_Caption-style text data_
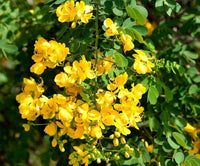 Cassia Biflora Flower seeds for Planting Hardy Variety Heirloom & GMO Free Seeds for Home Garden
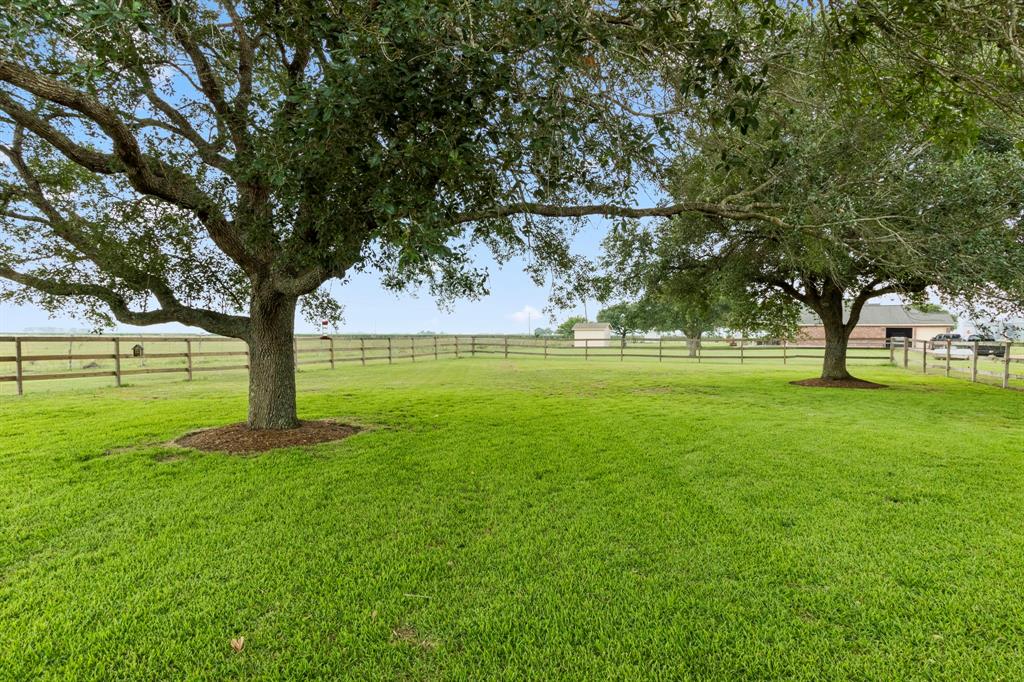 Side yard has ample room for outdoor family activities.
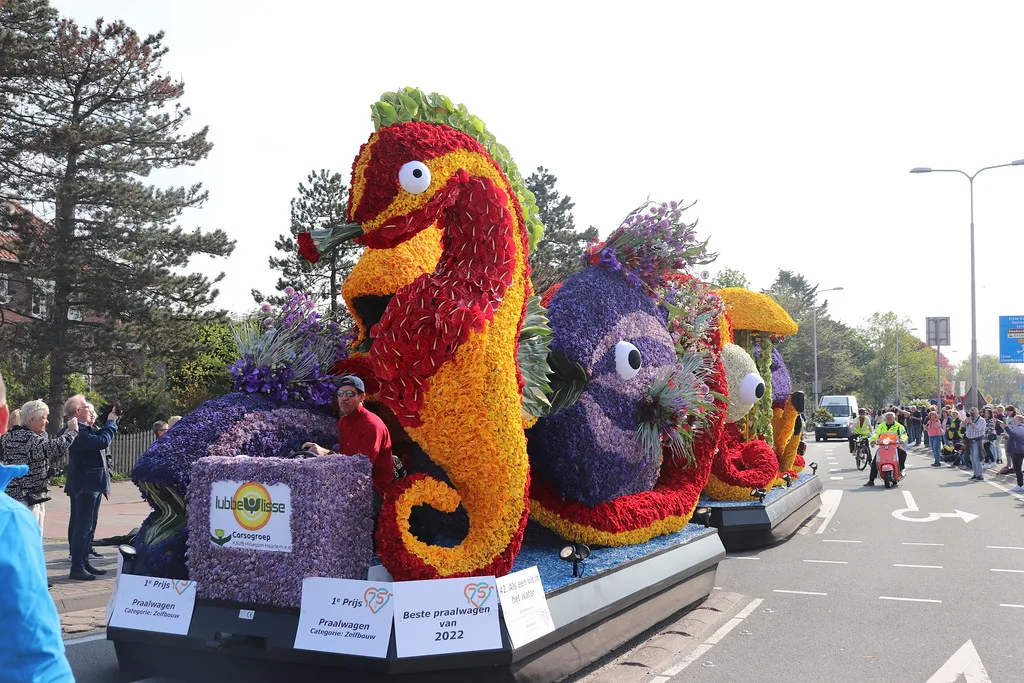 Tribuneplaats Lisse Zuid - Afbeelding 6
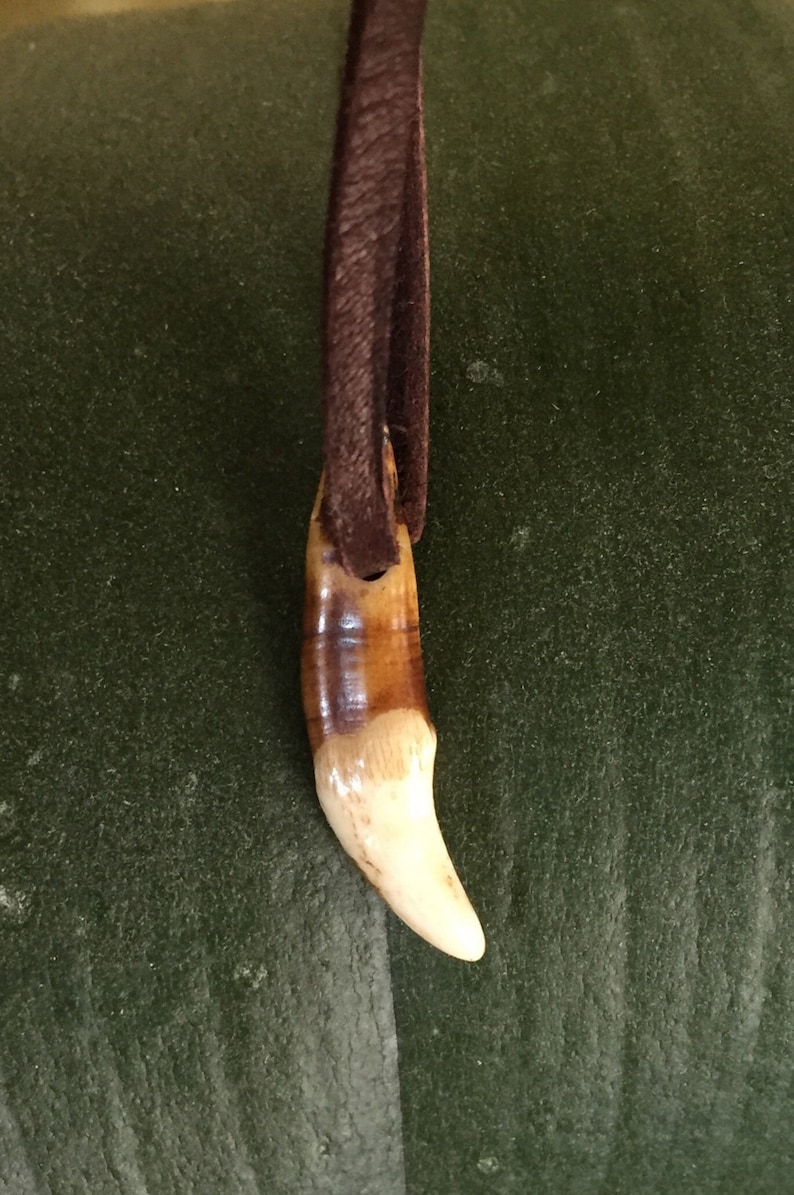 May include: A brown leather cord necklace with a tooth pendant. The tooth is white with brown markings.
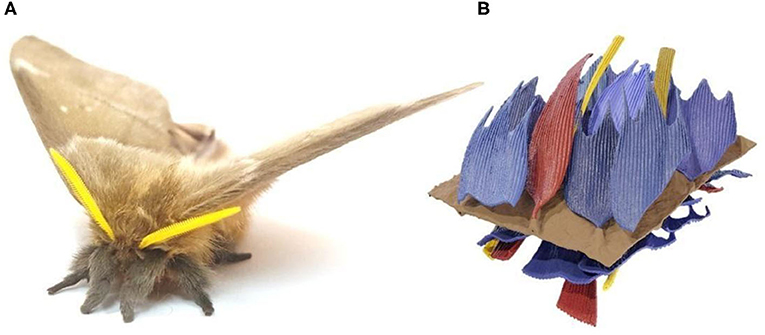 Figure 1 - (A) A very furry silk moth (Photograph credit: T. Neil).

_Work to complete_
The copy must start at the line containing "Side yard has" and end at the last line of the data, matching each line exactly. It must hold no pictures.

_Problem solution_
 Side yard has ample room for outdoor family activities.
 Tribuneplaats Lisse Zuid - Afbeelding 6
 May include: A brown leather cord necklace with a tooth pendant. The tooth is white with brown markings.
 Figure 1 - (A) A very furry silk moth (Photograph credit: T. Neil).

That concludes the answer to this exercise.